Dynamic Websites for Artists - Febuary 21, 2015

This workshop, given at CMU as part of Golan Levin's Interactive Art & Computational Design course, this public workshop demonstrated an end-to-end workflow for creating a simple database-driven dynamic website (using the Heroku cloud application platform) which collects and displays visitor data.

This was a workshop for building quick-and-dirty dynamic websites, intended for culture-jammers with funny ideas. Tit covered how to build and host a basic website that can accept user data, savesit, manipulate it, and display it back. The workshop covered the basics of using Sinatra, Redis, and Heroku.

Brown Bag: Art Tracks - Febuary 25, 2015

This was another internal presentation to Carnegie Museum staff about the research and progress made on the Art Tracks project.
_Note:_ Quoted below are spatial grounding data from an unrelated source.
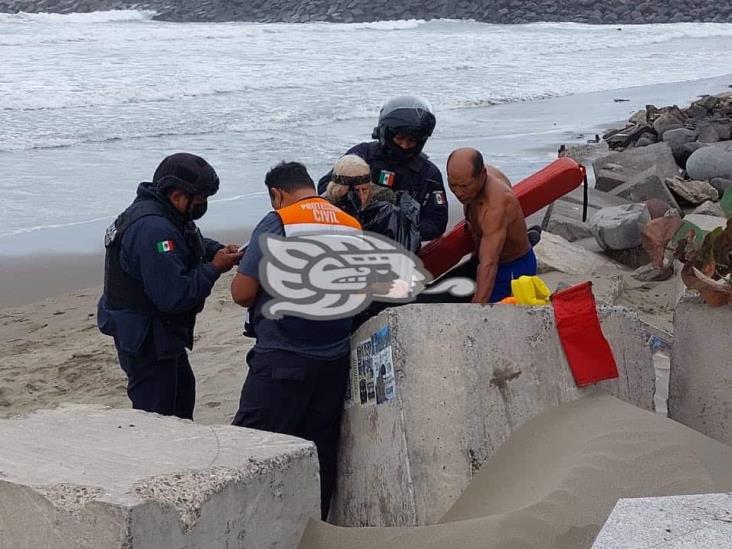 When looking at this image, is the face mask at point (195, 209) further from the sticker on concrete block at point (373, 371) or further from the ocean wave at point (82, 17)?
the ocean wave at point (82, 17)

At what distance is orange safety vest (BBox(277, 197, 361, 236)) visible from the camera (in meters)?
3.75

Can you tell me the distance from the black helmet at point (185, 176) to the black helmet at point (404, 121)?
3.69 ft

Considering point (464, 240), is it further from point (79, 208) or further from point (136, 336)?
point (79, 208)

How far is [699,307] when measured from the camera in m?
3.86

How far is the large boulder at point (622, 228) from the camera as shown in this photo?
7.82 metres

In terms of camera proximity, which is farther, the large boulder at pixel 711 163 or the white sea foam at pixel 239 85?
the white sea foam at pixel 239 85

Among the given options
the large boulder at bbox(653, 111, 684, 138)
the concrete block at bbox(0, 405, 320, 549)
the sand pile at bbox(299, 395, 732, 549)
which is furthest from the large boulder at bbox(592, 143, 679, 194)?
the concrete block at bbox(0, 405, 320, 549)

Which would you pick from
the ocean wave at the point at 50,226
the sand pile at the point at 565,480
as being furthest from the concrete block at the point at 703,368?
the ocean wave at the point at 50,226

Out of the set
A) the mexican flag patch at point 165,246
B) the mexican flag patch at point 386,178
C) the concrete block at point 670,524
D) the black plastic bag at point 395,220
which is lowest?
the concrete block at point 670,524

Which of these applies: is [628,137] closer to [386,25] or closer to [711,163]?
[711,163]

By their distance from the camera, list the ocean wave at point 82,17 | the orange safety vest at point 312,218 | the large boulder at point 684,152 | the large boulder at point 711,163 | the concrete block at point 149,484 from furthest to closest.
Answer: the ocean wave at point 82,17 < the large boulder at point 684,152 < the large boulder at point 711,163 < the orange safety vest at point 312,218 < the concrete block at point 149,484

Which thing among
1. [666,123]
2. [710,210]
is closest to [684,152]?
[666,123]

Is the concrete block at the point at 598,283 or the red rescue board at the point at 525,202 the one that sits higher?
the red rescue board at the point at 525,202

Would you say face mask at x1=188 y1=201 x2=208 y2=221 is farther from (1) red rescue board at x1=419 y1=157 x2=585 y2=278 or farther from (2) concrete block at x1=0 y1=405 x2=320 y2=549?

Art Tracks Colloquium: Pitt - March 4, 2015

This colloquium, given as part of the University of Pittsburgh's History of Art & Architecture program, discussed how the CMOA Art Tracks project is addressing the problems of provenance, what data we’re finding and hope to find. It also facilitated a discussion about the possibilities of museum data, both inside and outside the Carnegie Museums.

Upcoming Talks:

Behind the Scenes: Gulf Tower - March 21, 2015

As part of the buildup for the Antoine Catala: Distant Feel exhibition, the Carnegie Museum of Art turned the Gulf Tower beacon into a mood ring for Pittsburgh. For three nights the tower displayed the average mood of the city as determined by Pittsburgh's Instagram activity. Tens of thousands of photos were analyzed and turned into an interactive light show visible throughout the city.
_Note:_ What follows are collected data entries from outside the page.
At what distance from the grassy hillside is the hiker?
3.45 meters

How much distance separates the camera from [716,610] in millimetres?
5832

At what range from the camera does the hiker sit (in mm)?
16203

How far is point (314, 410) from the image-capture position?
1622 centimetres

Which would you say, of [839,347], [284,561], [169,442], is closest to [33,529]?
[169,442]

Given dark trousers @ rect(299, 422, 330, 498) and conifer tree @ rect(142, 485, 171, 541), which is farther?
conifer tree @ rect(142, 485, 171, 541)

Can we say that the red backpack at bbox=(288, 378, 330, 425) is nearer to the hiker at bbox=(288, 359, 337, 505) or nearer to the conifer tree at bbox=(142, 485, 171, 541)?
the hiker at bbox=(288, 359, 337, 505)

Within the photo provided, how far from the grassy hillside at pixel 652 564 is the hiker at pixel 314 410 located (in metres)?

As the lead developer on the project, David helped take the Museum's idea and turn it into reality. He'll discuss the technology and process behind the Gulf Tower project and tell behind-the-scenes stories. He'll also talk about lessons learned and mistakes made while discovering how to build projects that take technology out of the computer and into the real world.

Museums & the Web - April 11, 2015

The Carnegie Museum of Art is attempting to structure provenance data so curators, scholars, and software developers can create visualizations that answer questions that would be difficult or impossible to answer without computer assistance. Provenance, the written description of the history of ownership and custody of art, is typically written as a list of the periods, places, and owners of an artwork. It captures the current best understanding of this history in a succinct and precise manner, and illustrates the gaps and uncertainties that still remain. Provenance is typically written as semi-structured text, following an institution-defined format. It would be useful to have a structured, computer-readable format for this data, allowing for search, visualization, and aggregated research.